ピアノレッスンの日々

 

01/05/26
僕はホロヴィッツって大好きなわけじゃなくて、すごく良いのもあれば、悲惨な録音もあると思ってます。最近は古い録音などを聴いているのですが、やはり1960年以前の演奏は圧倒的にすごいです。素晴らしいとか、素敵とか言う以前になんかもうとにかくすごい、って感じなの。音符が3倍くらい増えてる箇所もある「展覧会の絵」とか、やはり彼自身が編曲した「星条旗よ永遠なれ」とか聴くと、もう圧倒されちゃうのね。この人いったい何者よ?みたいな。狂気をちらつかせつつ一歩手前で踏みとどまる演奏で、どうしようもなく魅力的っす。

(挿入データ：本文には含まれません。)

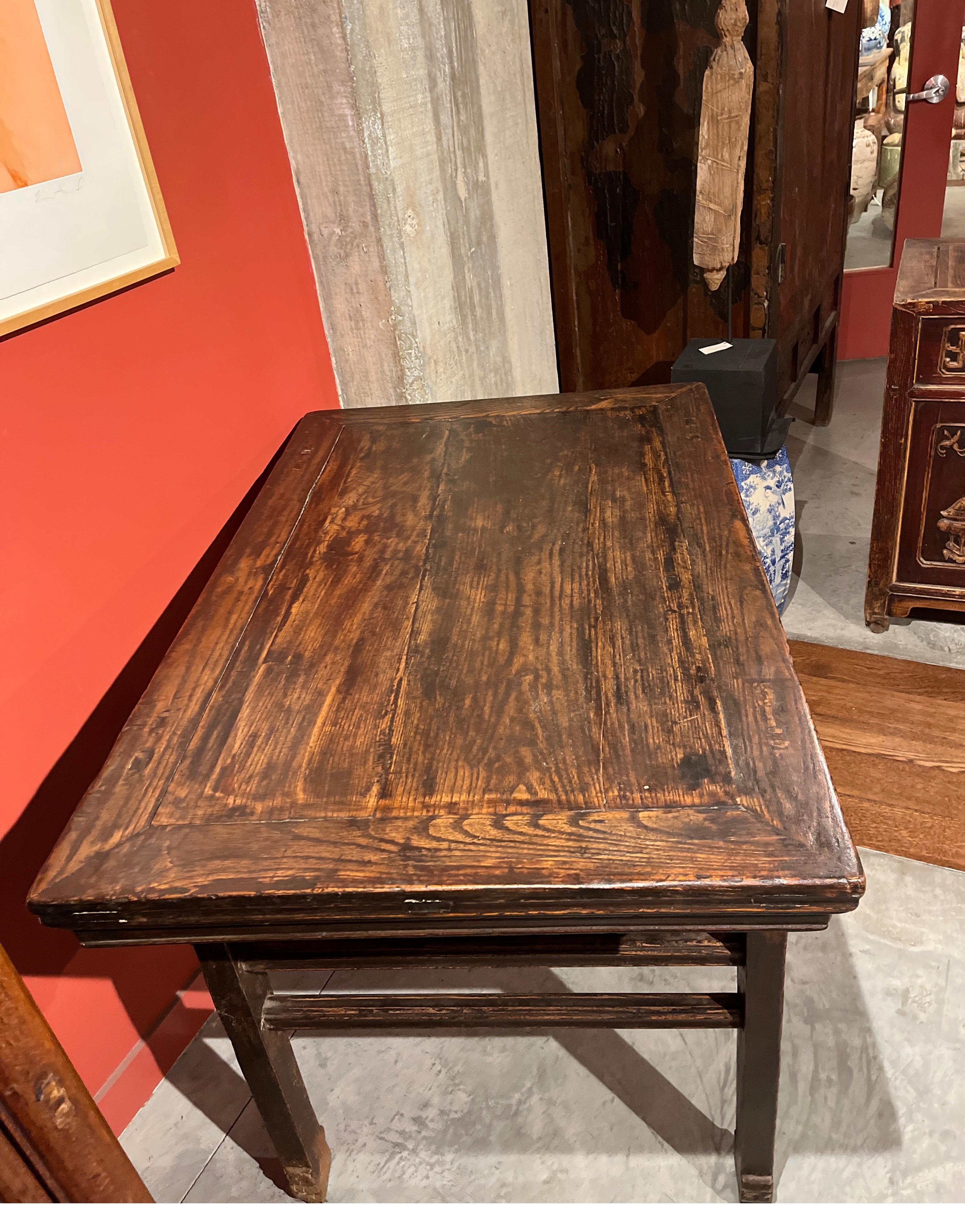 19th Century Chinese Elm Wood Wine Table For Sale 10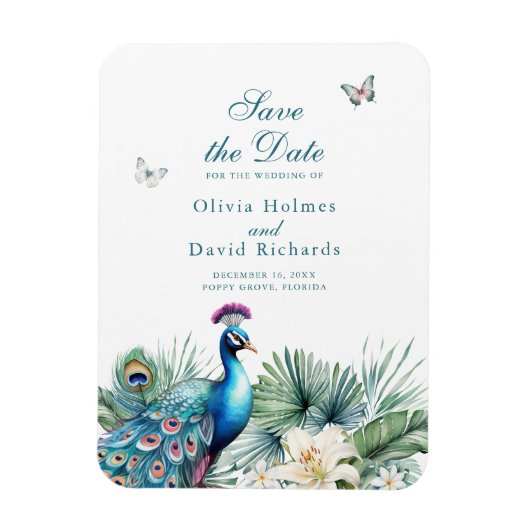 Blauwgroen Tropical Peacock Wedding Save the Date  Magneet (Verticaal)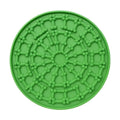 Tapete de lamber de silicone verde com ventosas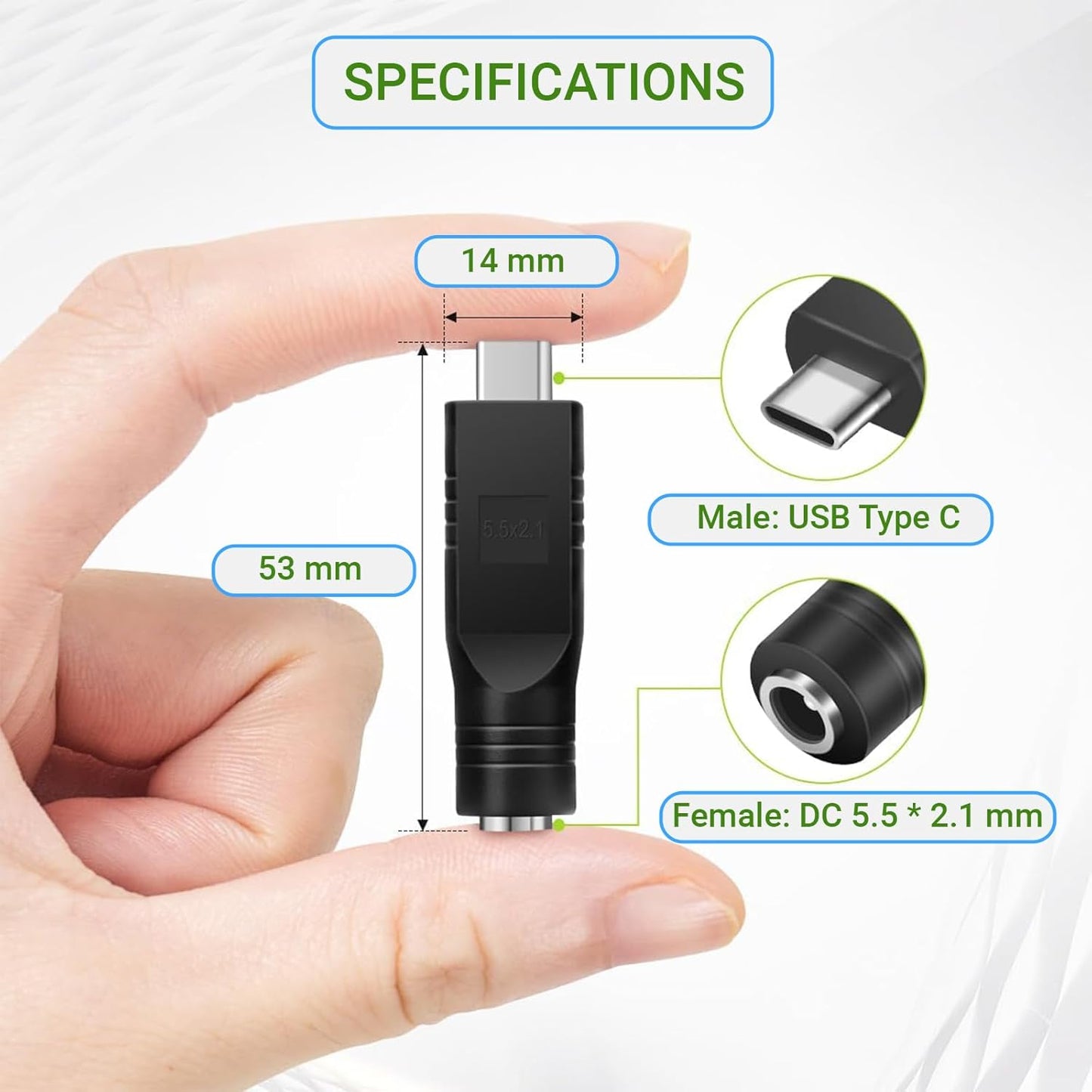 Ozkak USB C Male to DC Female Adapter for Starlink Mini 20V 100W PD Charging Converter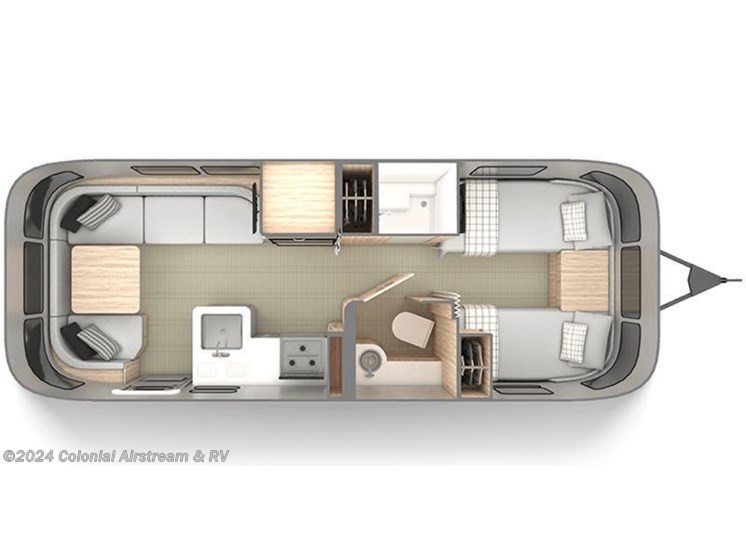 Floorplan of 2025 Airstream Globetrotter 25FBT Twin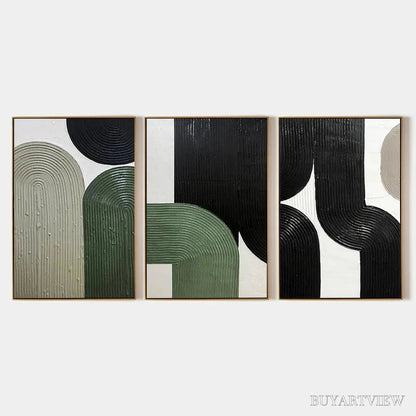 BUYARTVIEW Arches Triptych – Minimalist Textured Abstract Painting Set of 3 - image 1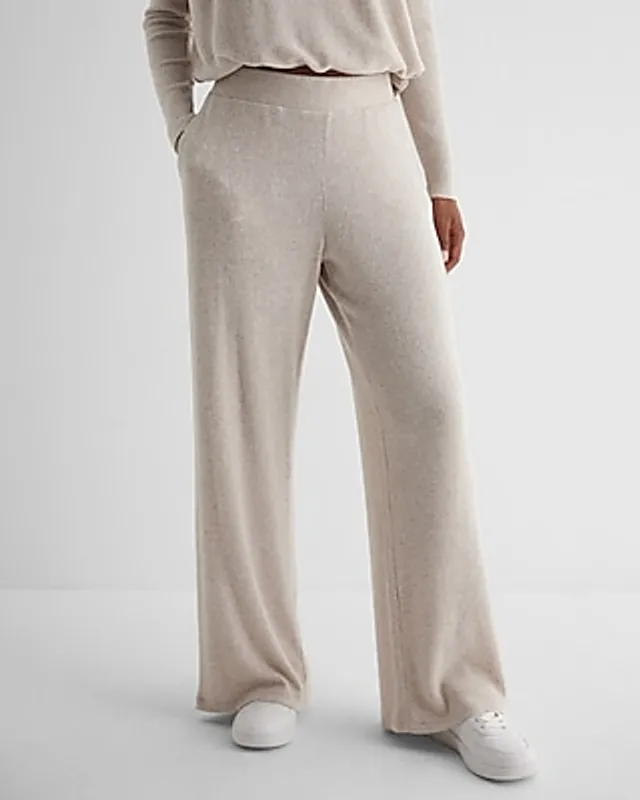 Express High Waisted Ribbed Cozy Knit Pull On Wide Leg Palazzo Pant Women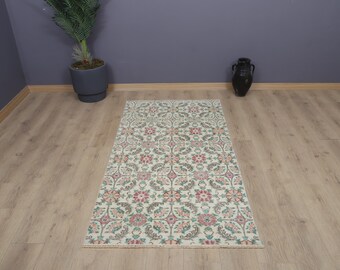 Tapis vintage Turquie délavée, tapis anatolien en coton et laine 3 x 6
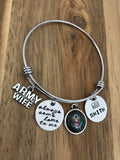 Custom Army Wife Bracelet Jewelry Personalized US Military Deployment Gift Hand Stamped United States Bangle Charm Always Come Home To Me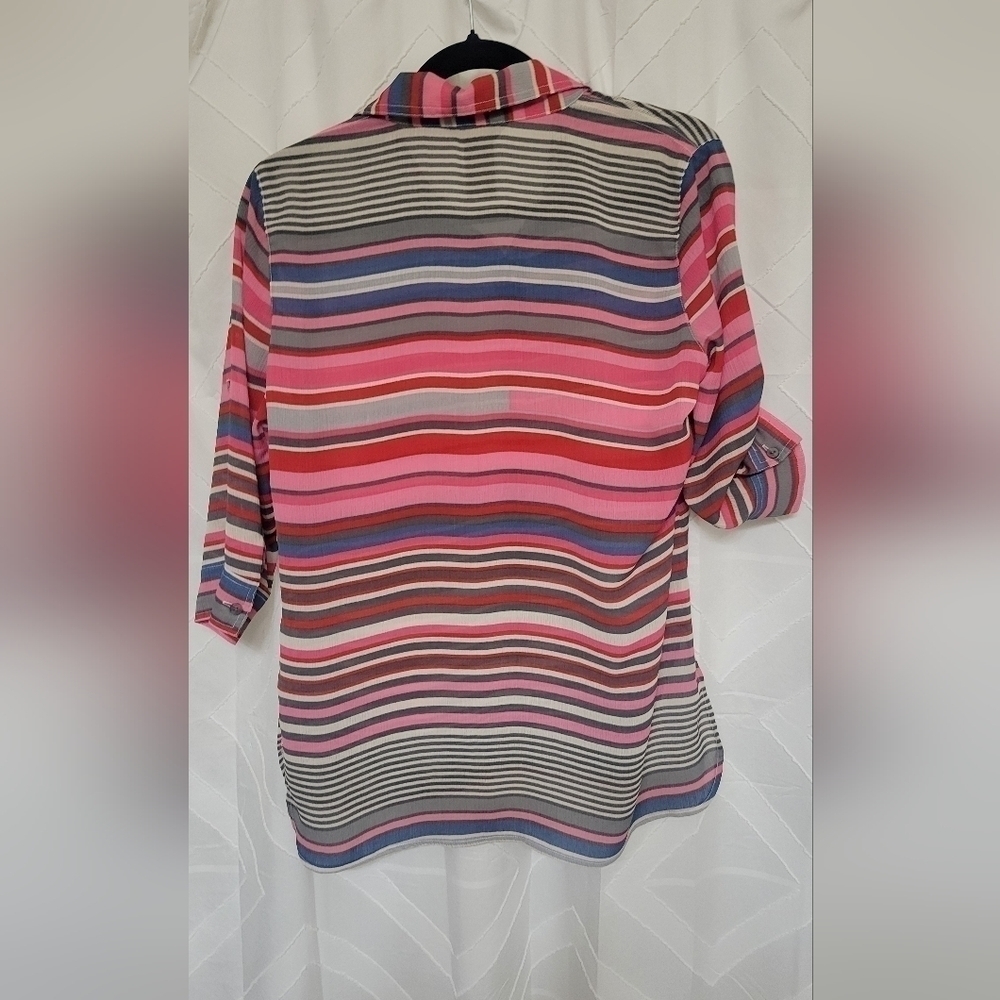 Multiples Roll Tab Sleeve 4-Button Front P/O Shirt - image 2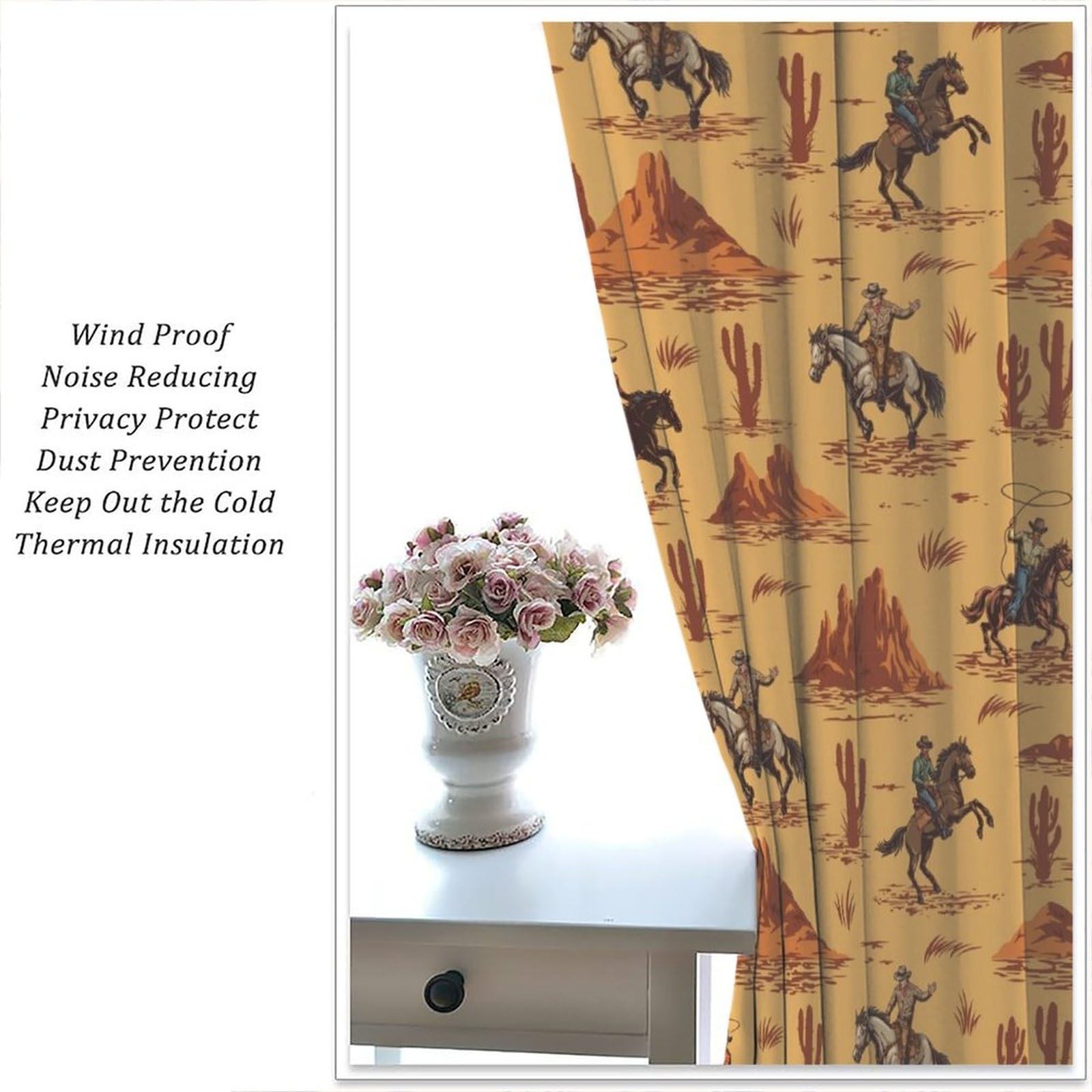 Vintage West Cowboy Curtains Wild Western 20.5″W x 45″L (Pack of 2), Cowboy-2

キーシンもポリーニも本当に素晴らしかったのですが、彼らは常人なわけで、ホロヴィッツのような狂気は感じられないです。アルゲリッチなんかは似たような雰囲気があるので、一度生で聴いてみたいのですが。
01/05/07
自分でもリストのソナタを弾いてみる日々。ただし難しい箇所は弾けないので、第2主題とかを中心に(笑)。弾いてみるとわかるのですが、すごく美しい曲です。リストのイメージとは違う部分が多いですね。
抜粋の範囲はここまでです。